照の意志など、まるで存在しないも同然だった。


中学生のまま高校生徒会の隊長にされた照は、学校中から注目された。どうすることもできなかった。

否定したくても、返せるだけの力をを持っていなかったから。



仲の良かったクラスメイトも離れて行って、高校に入学すれば、待っていたのは気の休まらない生活。


一般生徒には遠巻きに見られ、友人などできない。

以前からあった親衛隊は、いきなり現れた隊長を認めない。

夜は脅されて好き勝手された。安らげる場所などなかった。




一度だけ、死のうと思ったことがあった。


剃刀を手首にあてて、でも怖くてできなかった。

苦しくて、悔しくて、泣きじゃくった。


この学校を薦めた両親を恨んだ。
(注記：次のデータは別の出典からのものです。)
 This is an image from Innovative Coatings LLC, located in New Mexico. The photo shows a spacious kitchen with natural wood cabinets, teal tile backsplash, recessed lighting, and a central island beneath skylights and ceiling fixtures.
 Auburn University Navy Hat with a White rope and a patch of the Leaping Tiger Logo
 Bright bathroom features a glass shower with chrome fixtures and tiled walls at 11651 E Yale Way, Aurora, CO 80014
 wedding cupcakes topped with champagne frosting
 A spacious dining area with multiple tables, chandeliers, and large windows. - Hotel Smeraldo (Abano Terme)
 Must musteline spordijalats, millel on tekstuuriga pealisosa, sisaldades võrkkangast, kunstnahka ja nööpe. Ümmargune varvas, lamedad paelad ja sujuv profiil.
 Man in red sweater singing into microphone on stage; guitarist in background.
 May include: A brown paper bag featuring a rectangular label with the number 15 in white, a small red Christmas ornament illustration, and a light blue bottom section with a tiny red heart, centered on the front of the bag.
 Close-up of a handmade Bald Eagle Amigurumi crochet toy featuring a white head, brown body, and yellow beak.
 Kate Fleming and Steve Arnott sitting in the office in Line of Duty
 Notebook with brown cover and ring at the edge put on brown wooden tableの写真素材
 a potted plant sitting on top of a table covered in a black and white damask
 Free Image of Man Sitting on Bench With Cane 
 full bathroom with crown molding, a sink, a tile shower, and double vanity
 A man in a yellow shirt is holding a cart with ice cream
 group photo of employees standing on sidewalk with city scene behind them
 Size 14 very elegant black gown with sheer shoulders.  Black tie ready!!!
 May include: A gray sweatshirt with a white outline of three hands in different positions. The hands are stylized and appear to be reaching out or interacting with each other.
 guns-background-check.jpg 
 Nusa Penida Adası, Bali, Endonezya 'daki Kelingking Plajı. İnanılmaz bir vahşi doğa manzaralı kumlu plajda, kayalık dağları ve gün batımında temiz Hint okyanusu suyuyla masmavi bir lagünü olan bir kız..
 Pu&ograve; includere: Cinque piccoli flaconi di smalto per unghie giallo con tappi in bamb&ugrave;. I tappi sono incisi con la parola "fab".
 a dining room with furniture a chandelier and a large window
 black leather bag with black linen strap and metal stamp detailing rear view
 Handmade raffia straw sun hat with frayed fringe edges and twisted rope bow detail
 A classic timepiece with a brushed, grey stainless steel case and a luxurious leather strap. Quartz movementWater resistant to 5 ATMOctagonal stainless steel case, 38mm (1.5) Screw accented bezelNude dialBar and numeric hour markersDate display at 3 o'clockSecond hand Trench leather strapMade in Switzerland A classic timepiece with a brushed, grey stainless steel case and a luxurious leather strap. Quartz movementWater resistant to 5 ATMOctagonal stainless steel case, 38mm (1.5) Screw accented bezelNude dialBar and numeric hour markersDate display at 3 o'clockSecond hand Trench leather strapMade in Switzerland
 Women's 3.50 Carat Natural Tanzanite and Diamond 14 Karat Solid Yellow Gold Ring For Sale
傍にいない幼なじみを詰った。

けれど一番許せなかったのは、無力な照自身だった。



薄らと残ってしまった傷跡を、輝慈は嘲笑った。

嘲笑いながら、酷く暴力を振るわれた。

ぼろぼろの身体はすぐに意識を飛ばしたけれど、目を覚ました時に、動けない体を好き勝手むさぼられている惨めな自分を見て、照は何かが崩れる音を聞いた。


音も立てずにこぼれる涙とは裏腹に、照の唇は薄く笑みを浮かべていた。